Data Wrangling: The starting point for this competency is knowing enough SQL coupled with SAS, R or Python to gather and transform data. Then once you have the data, it is about shaping the data and prepping it for analysis. It is also key to understand outliers and missing values. Say you have some binary indicator that takes on values 1, 0 or null. Do you know why you have null values? Are the 0 values different from null in this case? Research and ask questions to find that out. This step is about getting the data, where ever it lies. Typically that means knowing SQL well enough to pull the data you need. However, in a changing environment this means knowing how to get data from a NoSQL environment too. There is also a heavy social component to this as well. In a large organization, you may need to track down the people that know where the data sits, and networking is the best way to do so. Those relationships are critical to finding the data, getting access, and interpreting it once you have your hands on it.
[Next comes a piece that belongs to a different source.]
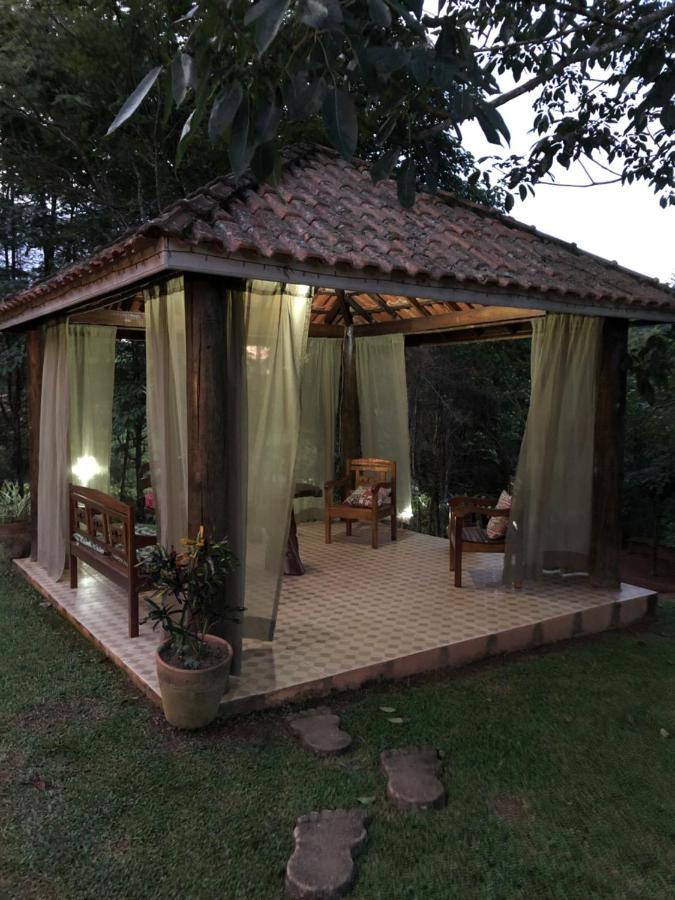 Pousada Vale Dos Sonhos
Analysis: It may seem odd that we're halfway through the four stages and we're just now getting to analysis, but this step isn't something to rush into. The steps leading up to this were about learning the business, gathering and prepping your data for modeling or analysis. At this stage you are applying whatever quantitative techniques are appropriate to explore and understand the relationships in your data. I coach my team to go wide and deep to build out their analytic toolkit. Go wide by gaining a breadth of knowledge about different techniques, from domains such as statistics, econometrics, machine learning, text mining, network graphing, six sigma, simulation modeling, and optimization. It's unrealistic to ask someone to know all of these domains, but it is reasonable to build a basic understanding of each, and know which tool is appropriate for the solution. If you know which tool is right for the job, you can always dig deeper later, or lean on a colleague who has experience with it. As for going deep, I ask everyone on my team to pick one of these domains and become an expert in it. I let them pick the route they want to go because it'll take a lot of time and self motivation to really get there.
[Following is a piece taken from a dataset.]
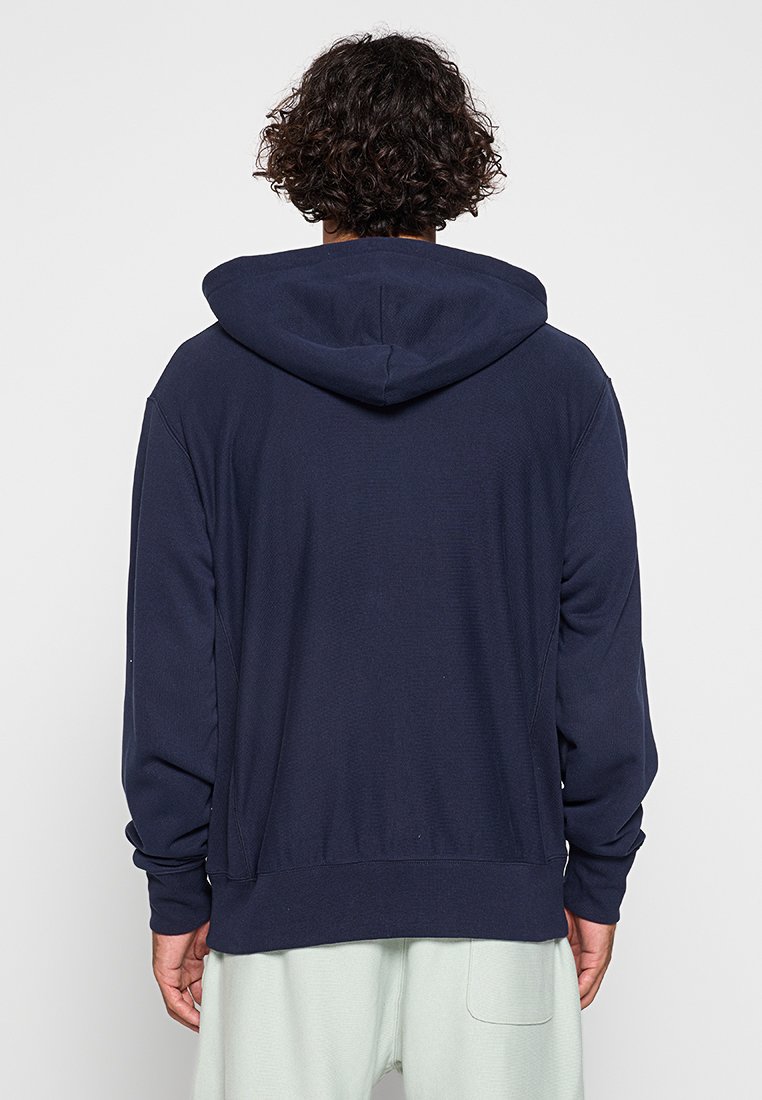 Sweatjacke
Delivery: Everything you've done up until this point is in vain if it isn't communicated well. Understand how your audience likes to take in information. Some want a web delivered dashboard so they can explore on their own. Others want a single page PowerPoint with all of the relevant facts on the page. Others want to see what decisions you made along the way to come to your conclusion. I have worked for several leaders that just want to talk about it, no slides or charts. If you work for me, I'll want a code walk through to understand what you did before any presentation is built. Be ready to adjust your style because it's not about you, it's about them understanding and buying into your analysis. I strongly encourage data analysts to join a toastmasters club to practice public speaking. In addition to getting the practice and confidence of pitching to an audience, you'll learn how to deliver o your ideas within the time constraints. I have seen many brilliant people fail to land their ideas because it took them too long to get there and lost the attention of their audience.
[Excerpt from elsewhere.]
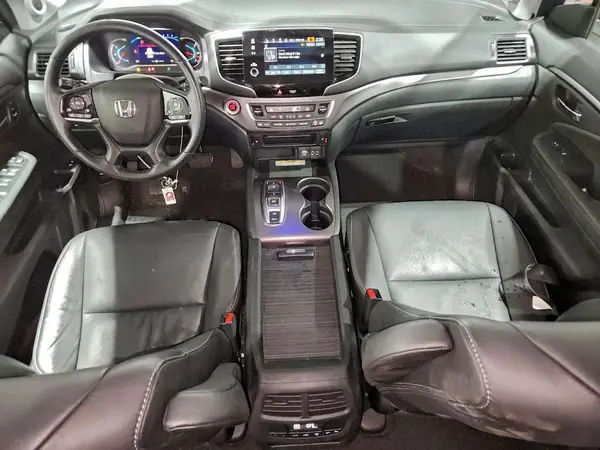 5FNYF6H21NB097695 2022 HONDA PILOT - Image 8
Side note for the Analytics Manager:
When each data analyst on the team gets a different project, it becomes very difficult to compare talent or judge performance. However, I think these four steps are underlying pattern and consistent framework for most ad hoc analytics projects, and analyst performance can be judged through this lens. It is not enough that someone just be good at coding and you automatically give them a top grade for data wrangling, so have them demonstrate it and teach their peers. Whether you choose to adopt a framework like this for evaluating performance or not, I recommend choosing something that is clear, and is communicated upfront to the analyst so they understand what is expected of them. Finally, if you work for a company where you calibrate performance ratings across peer teams that perform a similar function, consider making this the standard template for communicating performance.